Statistical Inference Course Project

Project Introduction

The project consists of two parts:

1.A simulation exercise.

2.Basic inferential data analysis.

Part 1

In this project you will investigate the exponential distribution in R and compare it with the Central Limit Theorem. The exponential distribution can be simulated in R with rexp(n, lambda) where lambda is the rate parameter. The mean of exponential distribution is 1/lambda and the standard deviation is also 1/lambda. Set lambda = 0.2 for all of the simulations. You will investigate the distribution of averages of 40 exponentials. Note that you will need to do a thousand simulations.

Illustrate via simulation and associated explanatory text the properties of the distribution of the mean of 40 exponentials. You should

1.Show the sample mean and compare it to the theoretical mean of the distribution.
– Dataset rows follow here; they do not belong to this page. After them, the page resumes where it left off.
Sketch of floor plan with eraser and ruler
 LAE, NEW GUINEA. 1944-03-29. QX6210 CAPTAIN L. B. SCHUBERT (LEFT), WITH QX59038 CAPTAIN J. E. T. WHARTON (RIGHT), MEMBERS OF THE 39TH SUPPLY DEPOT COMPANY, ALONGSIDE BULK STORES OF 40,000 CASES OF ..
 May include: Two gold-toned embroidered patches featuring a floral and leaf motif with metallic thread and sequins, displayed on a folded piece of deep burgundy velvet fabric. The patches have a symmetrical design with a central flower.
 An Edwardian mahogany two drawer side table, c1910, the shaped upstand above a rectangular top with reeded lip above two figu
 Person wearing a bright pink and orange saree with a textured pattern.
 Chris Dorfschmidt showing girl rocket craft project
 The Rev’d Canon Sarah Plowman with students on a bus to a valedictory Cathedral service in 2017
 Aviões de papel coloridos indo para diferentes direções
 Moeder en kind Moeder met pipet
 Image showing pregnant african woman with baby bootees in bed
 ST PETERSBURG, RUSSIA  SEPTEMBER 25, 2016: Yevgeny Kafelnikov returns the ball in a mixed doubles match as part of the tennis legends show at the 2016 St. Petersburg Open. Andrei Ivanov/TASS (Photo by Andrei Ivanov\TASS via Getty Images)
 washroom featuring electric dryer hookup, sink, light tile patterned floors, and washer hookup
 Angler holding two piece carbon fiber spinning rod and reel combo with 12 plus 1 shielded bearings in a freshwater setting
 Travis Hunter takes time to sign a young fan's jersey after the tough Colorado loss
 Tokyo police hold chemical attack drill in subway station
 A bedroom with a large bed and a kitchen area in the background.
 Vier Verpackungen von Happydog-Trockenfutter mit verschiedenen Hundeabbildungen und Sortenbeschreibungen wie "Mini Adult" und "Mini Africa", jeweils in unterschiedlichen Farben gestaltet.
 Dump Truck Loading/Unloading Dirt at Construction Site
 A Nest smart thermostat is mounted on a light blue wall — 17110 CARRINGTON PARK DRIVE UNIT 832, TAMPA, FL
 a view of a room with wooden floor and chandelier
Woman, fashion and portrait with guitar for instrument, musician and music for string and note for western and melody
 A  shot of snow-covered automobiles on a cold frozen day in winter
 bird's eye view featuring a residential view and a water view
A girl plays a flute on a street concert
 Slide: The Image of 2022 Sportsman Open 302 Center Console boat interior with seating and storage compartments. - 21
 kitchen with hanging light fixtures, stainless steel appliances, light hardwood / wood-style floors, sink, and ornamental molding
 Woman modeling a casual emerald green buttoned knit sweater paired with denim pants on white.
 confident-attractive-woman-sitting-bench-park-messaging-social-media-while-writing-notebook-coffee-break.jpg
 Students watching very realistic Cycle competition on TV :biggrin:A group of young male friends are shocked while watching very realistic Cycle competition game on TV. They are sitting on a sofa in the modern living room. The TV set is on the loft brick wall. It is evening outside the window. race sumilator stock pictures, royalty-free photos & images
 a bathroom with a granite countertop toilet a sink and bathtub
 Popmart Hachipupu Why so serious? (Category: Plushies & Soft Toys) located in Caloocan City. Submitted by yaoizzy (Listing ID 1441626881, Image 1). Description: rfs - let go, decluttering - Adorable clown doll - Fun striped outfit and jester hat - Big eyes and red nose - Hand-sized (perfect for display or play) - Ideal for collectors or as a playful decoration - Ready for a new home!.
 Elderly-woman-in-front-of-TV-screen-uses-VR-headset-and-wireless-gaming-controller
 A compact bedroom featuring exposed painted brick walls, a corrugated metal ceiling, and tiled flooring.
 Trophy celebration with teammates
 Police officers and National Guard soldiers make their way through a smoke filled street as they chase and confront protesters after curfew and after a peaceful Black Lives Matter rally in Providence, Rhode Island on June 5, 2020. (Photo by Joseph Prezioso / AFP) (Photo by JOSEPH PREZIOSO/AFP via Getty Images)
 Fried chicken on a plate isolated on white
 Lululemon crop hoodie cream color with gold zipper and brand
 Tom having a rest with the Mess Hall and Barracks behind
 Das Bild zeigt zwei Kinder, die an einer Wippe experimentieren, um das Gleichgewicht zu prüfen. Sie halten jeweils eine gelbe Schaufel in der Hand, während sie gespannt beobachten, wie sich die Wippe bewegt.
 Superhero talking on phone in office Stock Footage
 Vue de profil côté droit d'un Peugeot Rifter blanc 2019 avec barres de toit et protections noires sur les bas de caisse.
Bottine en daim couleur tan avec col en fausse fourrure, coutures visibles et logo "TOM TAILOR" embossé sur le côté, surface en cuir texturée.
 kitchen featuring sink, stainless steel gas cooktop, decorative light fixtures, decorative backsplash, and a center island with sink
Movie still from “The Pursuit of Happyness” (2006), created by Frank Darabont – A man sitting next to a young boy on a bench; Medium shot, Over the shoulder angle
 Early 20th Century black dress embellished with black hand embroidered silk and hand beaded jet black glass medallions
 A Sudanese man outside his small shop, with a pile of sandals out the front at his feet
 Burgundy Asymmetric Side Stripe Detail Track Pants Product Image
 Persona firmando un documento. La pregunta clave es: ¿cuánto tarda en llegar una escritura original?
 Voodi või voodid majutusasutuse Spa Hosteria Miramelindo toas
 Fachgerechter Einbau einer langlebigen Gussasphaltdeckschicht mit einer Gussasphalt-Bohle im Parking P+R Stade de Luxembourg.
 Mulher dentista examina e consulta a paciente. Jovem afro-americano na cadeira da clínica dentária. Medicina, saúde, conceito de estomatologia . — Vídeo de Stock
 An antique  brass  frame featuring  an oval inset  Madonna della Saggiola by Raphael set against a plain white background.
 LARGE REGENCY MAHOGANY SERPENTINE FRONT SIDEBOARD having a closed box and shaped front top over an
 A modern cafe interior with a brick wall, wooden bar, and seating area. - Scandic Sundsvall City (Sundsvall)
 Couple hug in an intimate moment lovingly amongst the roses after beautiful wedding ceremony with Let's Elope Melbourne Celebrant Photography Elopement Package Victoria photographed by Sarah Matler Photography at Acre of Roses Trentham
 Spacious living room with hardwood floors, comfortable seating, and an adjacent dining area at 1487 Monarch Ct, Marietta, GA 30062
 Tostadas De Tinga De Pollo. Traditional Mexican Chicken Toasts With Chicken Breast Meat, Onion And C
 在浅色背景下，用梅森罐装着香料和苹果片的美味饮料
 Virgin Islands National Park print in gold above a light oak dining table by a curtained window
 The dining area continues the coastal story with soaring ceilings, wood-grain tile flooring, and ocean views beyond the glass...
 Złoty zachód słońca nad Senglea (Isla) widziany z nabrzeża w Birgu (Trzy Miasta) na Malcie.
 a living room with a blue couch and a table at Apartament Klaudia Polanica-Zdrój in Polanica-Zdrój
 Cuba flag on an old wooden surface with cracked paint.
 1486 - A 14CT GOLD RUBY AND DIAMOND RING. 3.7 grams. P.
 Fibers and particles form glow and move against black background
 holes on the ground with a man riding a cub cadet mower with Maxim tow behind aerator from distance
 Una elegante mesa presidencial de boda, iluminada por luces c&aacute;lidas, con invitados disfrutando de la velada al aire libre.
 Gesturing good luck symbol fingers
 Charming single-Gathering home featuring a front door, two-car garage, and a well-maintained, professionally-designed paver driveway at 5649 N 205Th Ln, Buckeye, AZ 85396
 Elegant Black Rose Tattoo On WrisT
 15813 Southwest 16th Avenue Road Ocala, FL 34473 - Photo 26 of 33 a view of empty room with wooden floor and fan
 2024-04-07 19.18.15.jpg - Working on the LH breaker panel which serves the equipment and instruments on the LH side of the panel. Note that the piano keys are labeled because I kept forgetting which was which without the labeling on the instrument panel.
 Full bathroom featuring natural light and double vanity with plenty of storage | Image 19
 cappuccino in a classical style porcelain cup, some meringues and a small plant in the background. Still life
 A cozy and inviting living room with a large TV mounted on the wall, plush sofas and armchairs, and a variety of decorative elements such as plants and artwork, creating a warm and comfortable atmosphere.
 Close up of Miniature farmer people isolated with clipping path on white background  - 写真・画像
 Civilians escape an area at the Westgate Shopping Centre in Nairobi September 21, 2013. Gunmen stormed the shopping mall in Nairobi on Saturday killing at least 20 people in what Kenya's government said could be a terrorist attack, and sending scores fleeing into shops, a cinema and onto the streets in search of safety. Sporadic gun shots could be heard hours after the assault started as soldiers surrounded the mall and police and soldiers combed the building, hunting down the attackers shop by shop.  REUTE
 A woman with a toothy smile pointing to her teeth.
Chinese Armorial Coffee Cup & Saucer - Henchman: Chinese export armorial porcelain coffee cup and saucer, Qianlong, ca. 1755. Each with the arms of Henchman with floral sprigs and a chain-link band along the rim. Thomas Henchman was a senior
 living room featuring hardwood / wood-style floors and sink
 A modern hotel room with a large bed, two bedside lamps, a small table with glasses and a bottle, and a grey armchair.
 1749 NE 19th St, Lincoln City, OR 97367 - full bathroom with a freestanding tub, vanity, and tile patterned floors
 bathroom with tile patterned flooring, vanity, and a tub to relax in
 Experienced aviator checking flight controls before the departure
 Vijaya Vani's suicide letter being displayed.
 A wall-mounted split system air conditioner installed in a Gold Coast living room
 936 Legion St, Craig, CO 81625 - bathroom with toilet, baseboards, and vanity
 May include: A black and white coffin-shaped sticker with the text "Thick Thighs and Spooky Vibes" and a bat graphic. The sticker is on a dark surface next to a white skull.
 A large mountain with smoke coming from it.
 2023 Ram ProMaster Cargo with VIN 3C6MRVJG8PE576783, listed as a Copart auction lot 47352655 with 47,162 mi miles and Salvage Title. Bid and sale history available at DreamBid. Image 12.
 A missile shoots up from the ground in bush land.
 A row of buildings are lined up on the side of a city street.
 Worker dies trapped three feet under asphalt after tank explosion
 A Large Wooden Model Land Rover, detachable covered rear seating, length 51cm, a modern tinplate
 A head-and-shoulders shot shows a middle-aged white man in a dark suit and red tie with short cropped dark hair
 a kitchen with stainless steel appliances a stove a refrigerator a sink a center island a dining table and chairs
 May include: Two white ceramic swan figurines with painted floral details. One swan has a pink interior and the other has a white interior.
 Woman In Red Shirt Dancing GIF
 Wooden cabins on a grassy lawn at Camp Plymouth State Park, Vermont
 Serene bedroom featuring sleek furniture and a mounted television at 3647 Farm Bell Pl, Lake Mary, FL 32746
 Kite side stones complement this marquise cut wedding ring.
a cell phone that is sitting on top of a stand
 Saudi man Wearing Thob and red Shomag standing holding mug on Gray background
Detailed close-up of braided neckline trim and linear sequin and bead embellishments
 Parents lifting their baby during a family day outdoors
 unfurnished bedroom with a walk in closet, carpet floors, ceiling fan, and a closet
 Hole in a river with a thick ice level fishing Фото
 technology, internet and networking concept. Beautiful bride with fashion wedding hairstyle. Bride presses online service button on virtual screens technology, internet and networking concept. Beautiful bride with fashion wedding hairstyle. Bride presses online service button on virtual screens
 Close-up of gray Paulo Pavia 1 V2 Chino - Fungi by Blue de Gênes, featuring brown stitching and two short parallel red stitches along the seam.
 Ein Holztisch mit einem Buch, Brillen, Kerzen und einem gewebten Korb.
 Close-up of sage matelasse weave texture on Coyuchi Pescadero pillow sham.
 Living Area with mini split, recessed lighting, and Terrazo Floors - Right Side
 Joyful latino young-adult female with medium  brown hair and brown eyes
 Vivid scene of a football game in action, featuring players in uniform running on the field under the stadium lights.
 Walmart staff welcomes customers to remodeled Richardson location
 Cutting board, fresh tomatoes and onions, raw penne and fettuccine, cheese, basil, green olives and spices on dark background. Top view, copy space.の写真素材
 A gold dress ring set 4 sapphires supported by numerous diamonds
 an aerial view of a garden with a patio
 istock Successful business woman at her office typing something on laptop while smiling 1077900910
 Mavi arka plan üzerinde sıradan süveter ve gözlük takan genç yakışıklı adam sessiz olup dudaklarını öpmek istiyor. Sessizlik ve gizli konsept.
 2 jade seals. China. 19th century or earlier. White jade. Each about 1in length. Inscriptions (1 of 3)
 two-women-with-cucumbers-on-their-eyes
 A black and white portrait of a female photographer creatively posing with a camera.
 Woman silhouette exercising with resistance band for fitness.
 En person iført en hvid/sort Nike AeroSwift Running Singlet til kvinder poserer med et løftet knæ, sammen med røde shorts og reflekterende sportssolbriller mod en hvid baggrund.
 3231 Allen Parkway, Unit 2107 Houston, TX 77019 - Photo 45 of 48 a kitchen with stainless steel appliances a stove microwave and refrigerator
2.Show how variable the sample is (via variance) and compare it to the theoretical variance of the distribution.

3.Show that the distribution is approximately normal.

In point 3, focus on the difference between the distribution of a large collection of random exponentials and the distribution of a large collection of averages of 40 exponentials.

Simulations

set.seed(1234)

lambda <- 0.2
n <- 40
sim <- 1000

simExp <- replicate(sim, rexp(n, lambda))

meanExp <- apply(simExp, 2, mean)

Question 1: Sample Mean Versus Theoretical Mean

sampleMean  <- mean(meanExp)
sampleMean

## [1] 4.974239

theoMean <- 1/lambda
theoMean

## [1] 5

hist(meanExp, main = "Simulated Exponential Sample Means", col = "aliceblue", breaks = 100)
abline(v = sampleMean, col = "red")
abline(v = theoMean, col = "blue")

Question 2: Sample Variance Versus Theoretical Variance

samplesd  <- sd(meanExp)
samplevar <- samplesd^2
samplevar

## [1] 0.5706551

theosd <- (1/lambda)/sqrt(n)
theovar <- theosd^2
theovar

## [1] 0.625

Question 3: Distribution

Finally, I’ll investigate whether the exponential distribution is approximately normal. Because of the Central Limit Theorem, the means of the sample simulations should follow a normal distribution.

hist(meanExp, main = "Normal Distribution", col = "aliceblue", breaks = 100)

xfit <- seq(min(meanExp), max(meanExp), length = 100)
yfit <- dnorm(xfit, mean = 1/lambda, sd = (1/lambda)/sqrt(n))
lines(xfit, yfit*60, lty = 5)